A verbatim copy is needed of the lines below from the one containing "Tapis tissé à" up to and including the one containing "Momcozy - U", excluding pictures.

━━━ Extracted material

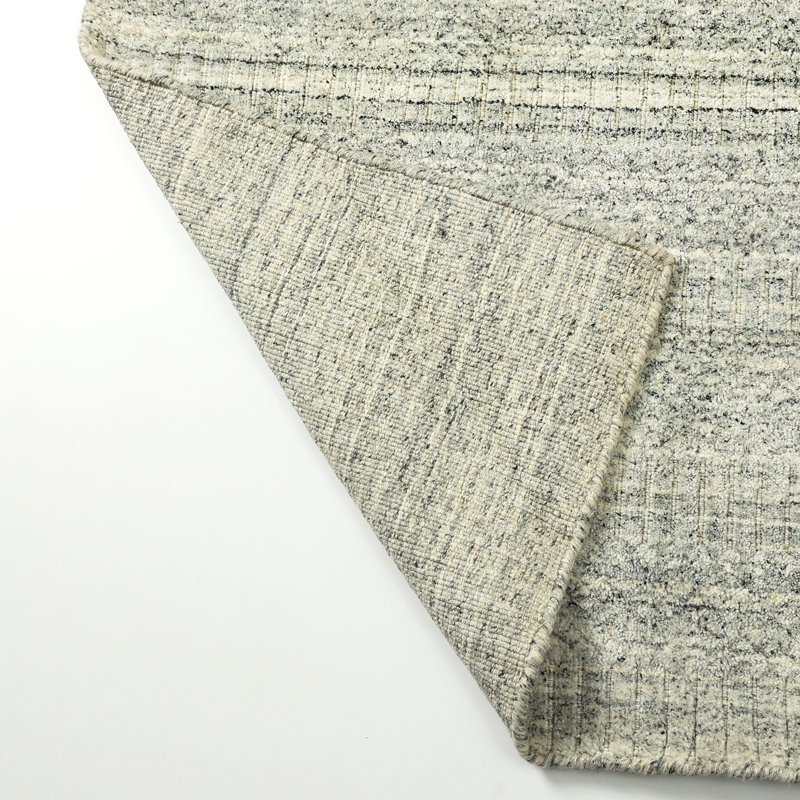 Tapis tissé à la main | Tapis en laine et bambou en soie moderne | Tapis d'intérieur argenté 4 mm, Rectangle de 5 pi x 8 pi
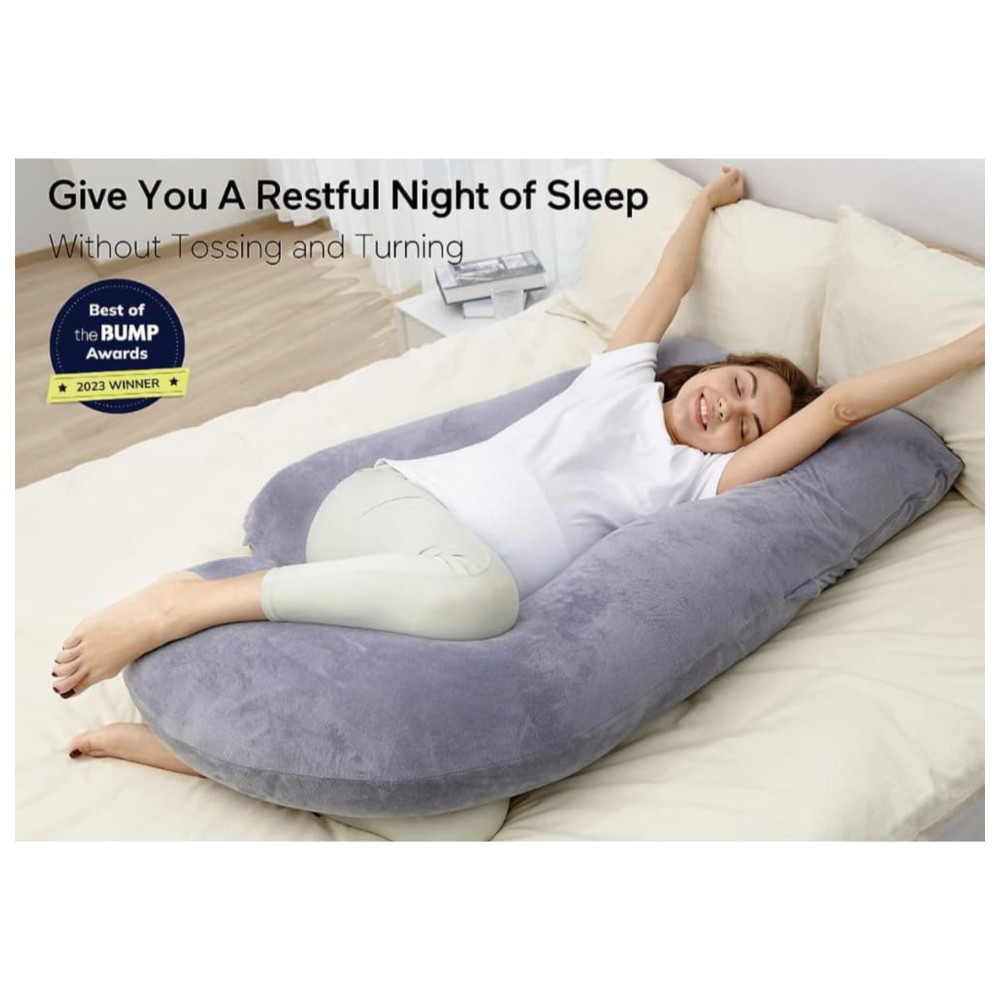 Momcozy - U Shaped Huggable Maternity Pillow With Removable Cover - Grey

━━━━━━
━━━ Extracted material

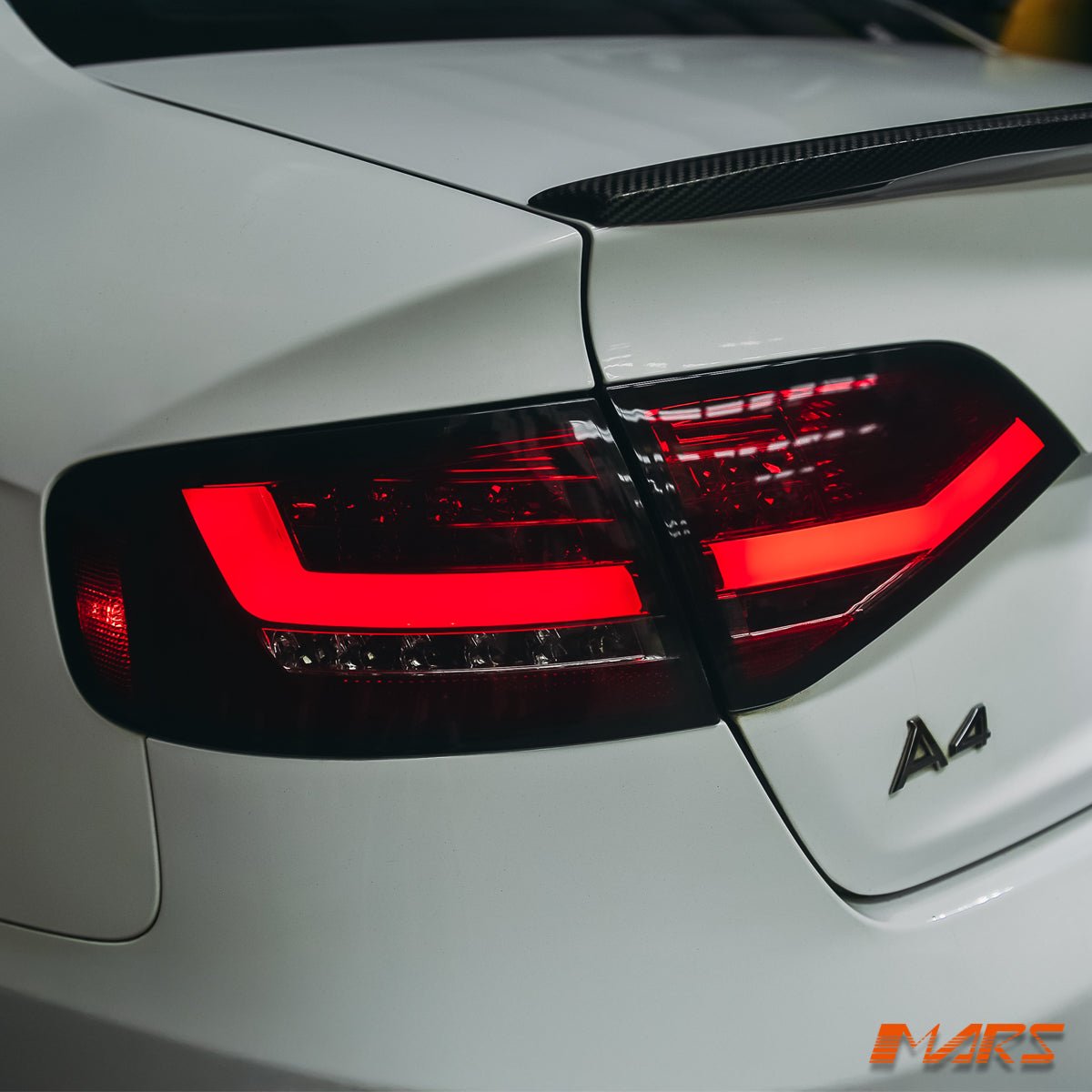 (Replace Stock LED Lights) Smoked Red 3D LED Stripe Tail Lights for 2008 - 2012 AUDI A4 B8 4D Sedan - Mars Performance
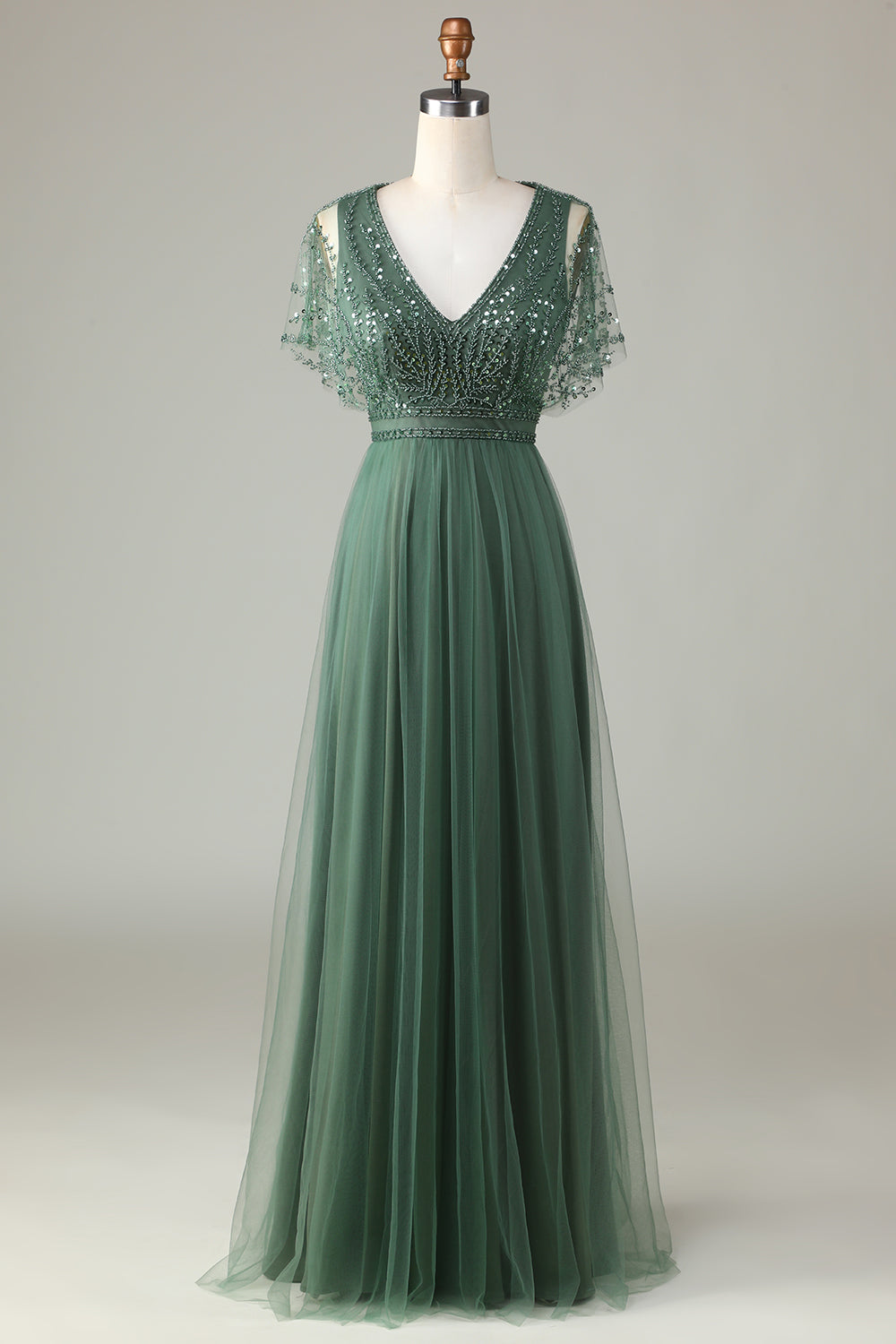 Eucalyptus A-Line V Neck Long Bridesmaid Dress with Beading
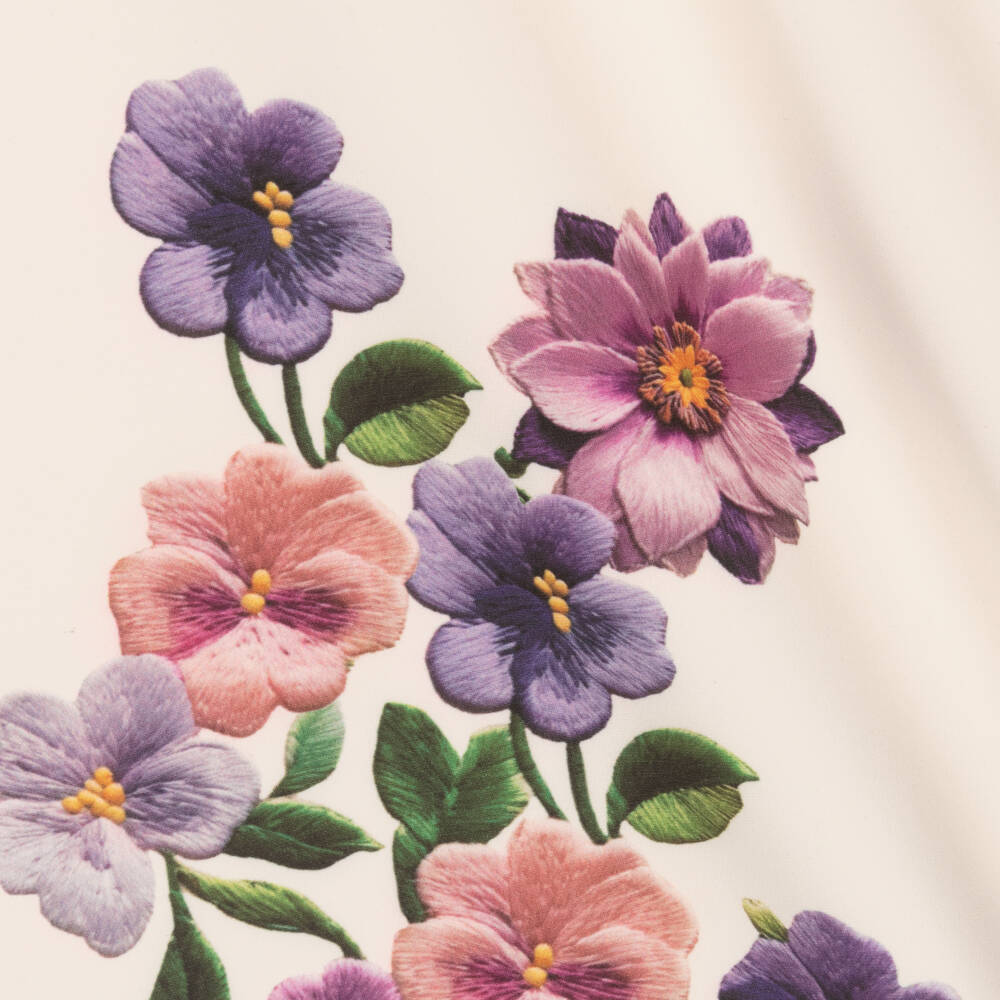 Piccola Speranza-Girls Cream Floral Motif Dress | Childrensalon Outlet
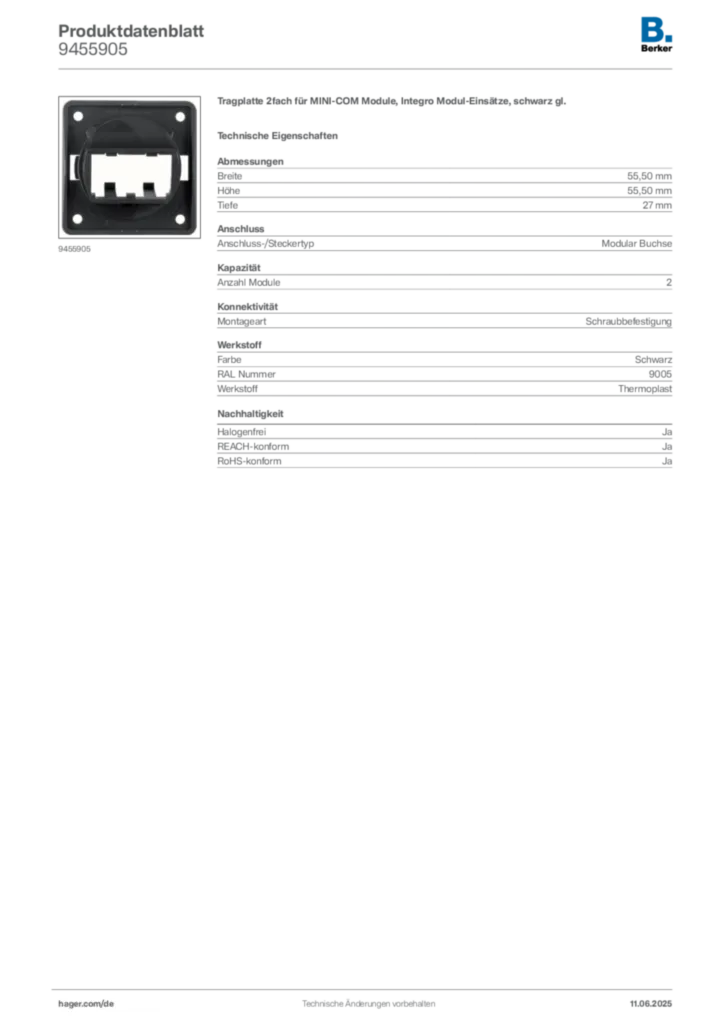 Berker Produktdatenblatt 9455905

━━━━━━

| Output for this task |
 Tapis tissé à la main | Tapis en laine et bambou en soie moderne | Tapis d'intérieur argenté 4 mm, Rectangle de 5 pi x 8 pi
 Momcozy - U Shaped Huggable Maternity Pillow With Removable Cover - Grey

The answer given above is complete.